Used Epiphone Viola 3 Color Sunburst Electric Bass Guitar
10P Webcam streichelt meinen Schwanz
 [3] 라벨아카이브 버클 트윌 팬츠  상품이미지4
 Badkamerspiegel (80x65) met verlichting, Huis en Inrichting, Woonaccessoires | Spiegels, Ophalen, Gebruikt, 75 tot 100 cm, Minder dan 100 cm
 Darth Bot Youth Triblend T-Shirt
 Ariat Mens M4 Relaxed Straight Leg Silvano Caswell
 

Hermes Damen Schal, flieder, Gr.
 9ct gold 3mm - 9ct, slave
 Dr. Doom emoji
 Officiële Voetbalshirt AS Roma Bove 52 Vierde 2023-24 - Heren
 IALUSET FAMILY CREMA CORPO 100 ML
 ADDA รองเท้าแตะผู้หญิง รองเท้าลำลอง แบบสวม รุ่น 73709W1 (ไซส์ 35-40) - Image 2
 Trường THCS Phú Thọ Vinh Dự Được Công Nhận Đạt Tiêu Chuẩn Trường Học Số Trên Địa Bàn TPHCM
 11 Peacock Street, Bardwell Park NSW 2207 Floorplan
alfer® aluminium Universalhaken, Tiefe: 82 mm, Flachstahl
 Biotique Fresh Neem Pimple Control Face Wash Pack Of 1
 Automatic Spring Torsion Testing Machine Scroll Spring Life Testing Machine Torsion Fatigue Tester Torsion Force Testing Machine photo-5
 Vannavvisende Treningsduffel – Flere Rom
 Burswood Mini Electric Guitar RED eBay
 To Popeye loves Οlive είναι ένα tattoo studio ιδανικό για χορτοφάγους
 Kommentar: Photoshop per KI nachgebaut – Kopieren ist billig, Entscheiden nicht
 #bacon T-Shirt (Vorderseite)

# WORK REQUIRED
Wherever the string "Guitar" appears in a line above, copy that line.

# RESULT OF THE EXERCISE
Used Epiphone Viola 3 Color Sunburst Electric Bass Guitar
 Burswood Mini Electric Guitar RED eBay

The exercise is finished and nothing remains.